* **Directions**
Return every line in the entries below where the word "Photo" shows up.

* **Records**
*** Block opens ***
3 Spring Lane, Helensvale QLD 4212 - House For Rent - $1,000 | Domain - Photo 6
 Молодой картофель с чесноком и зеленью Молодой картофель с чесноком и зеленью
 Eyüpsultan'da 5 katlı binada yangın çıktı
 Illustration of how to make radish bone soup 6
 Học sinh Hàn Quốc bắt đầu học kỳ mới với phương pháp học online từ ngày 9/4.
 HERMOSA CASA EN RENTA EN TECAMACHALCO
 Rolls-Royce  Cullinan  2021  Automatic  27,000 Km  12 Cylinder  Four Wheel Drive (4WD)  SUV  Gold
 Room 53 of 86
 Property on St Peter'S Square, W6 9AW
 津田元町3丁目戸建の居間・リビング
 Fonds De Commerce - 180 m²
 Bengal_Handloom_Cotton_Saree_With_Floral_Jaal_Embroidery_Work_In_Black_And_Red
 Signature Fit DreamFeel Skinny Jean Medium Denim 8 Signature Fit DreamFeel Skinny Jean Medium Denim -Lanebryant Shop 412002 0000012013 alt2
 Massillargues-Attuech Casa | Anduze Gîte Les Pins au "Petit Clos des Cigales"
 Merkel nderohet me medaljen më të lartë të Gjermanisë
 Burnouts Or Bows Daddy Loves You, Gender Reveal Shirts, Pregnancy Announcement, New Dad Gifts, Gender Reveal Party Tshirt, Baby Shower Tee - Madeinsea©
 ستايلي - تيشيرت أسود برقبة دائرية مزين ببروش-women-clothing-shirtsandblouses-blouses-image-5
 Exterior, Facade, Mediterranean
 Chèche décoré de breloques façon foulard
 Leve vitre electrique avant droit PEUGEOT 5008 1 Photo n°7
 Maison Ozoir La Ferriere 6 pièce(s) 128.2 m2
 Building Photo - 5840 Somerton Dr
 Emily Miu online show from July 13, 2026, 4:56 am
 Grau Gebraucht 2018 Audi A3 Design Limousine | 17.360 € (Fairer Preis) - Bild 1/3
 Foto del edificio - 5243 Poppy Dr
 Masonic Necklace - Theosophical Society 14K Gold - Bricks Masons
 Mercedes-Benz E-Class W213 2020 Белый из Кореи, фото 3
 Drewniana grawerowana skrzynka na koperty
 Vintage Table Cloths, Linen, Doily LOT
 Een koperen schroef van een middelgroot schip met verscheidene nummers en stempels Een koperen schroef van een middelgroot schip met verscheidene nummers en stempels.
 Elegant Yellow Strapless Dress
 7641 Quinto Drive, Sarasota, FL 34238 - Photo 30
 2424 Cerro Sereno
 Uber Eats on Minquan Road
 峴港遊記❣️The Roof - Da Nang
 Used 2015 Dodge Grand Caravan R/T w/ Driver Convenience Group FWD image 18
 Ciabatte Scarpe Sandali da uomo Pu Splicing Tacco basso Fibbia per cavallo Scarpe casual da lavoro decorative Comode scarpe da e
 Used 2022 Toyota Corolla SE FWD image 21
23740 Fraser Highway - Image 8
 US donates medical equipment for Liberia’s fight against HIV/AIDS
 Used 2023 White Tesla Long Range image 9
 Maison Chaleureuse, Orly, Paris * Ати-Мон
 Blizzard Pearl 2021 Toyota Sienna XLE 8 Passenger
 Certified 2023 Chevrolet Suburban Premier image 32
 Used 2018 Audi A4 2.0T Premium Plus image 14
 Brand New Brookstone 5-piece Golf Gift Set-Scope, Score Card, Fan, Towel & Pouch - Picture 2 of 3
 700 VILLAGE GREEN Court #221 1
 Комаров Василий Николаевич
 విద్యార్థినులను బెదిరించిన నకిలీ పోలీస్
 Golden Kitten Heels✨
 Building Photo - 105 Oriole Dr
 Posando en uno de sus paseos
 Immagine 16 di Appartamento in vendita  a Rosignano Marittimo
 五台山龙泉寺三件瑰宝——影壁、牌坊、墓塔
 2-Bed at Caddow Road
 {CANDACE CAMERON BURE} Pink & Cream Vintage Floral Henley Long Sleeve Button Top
*** Block closes ***
* **Worked solution**
3 Spring Lane, Helensvale QLD 4212 - House For Rent - $1,000 | Domain - Photo 6
 Leve vitre electrique avant droit PEUGEOT 5008 1 Photo n°7
 Building Photo - 5840 Somerton Dr
 7641 Quinto Drive, Sarasota, FL 34238 - Photo 30
 Building Photo - 105 Oriole Dr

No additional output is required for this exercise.